Cross-Strait relations have soured in recent years, especially with the Democratic Progressive Party in power since 2016, raising worries that military action for reunification is more likely and other options, such as diplomacy, aren’t. The worst case scenario is a full-scale invasion, which would unleash all-out war and potentially trigger responses from the US, Japan, the Philippines, and others.
In the late 2000s and early 2010s, Beijing’s economy was booming, Taiwanese students were traveling to the mainland for school work, and Chinese leadership likely believed Taiwan would eventually accept reunification.

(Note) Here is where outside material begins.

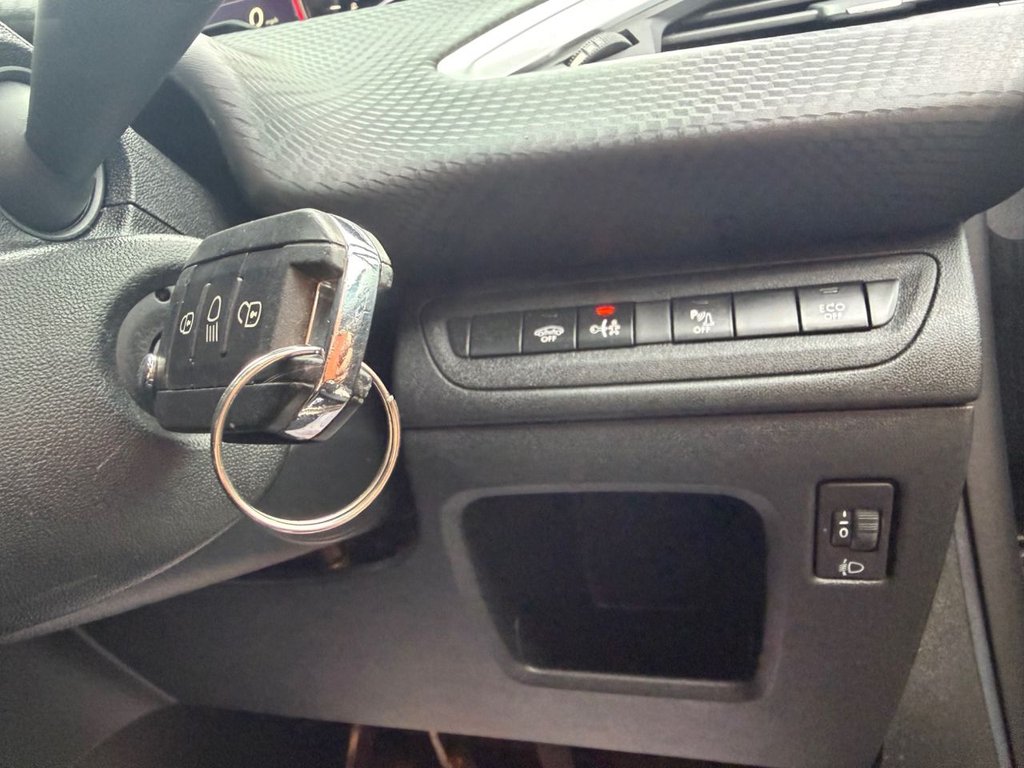 Used Peugeot 2008 2019 for sale - 77884946: Photo 28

“But the state of the economy and society, and the Chinese crackdown on Hong Kong, as well as other elements such as American actions, led Beijing to think time is no longer on their side,” Cheng said. “Tensions are definitely higher now, but where I would draw the line is that it doesn’t necessarily mean Beijing is about to launch an invasion.”
Goldstein said that in tracking Chinese media closely, calls for reunification are more frequent and heated. “I am concerned that China may see some reason to go earlier rather than later,” he explained.
Xi himself told US President Joe Biden in late 2023, “Look, peace is… all well and good, but at some point we need to move towards resolution.”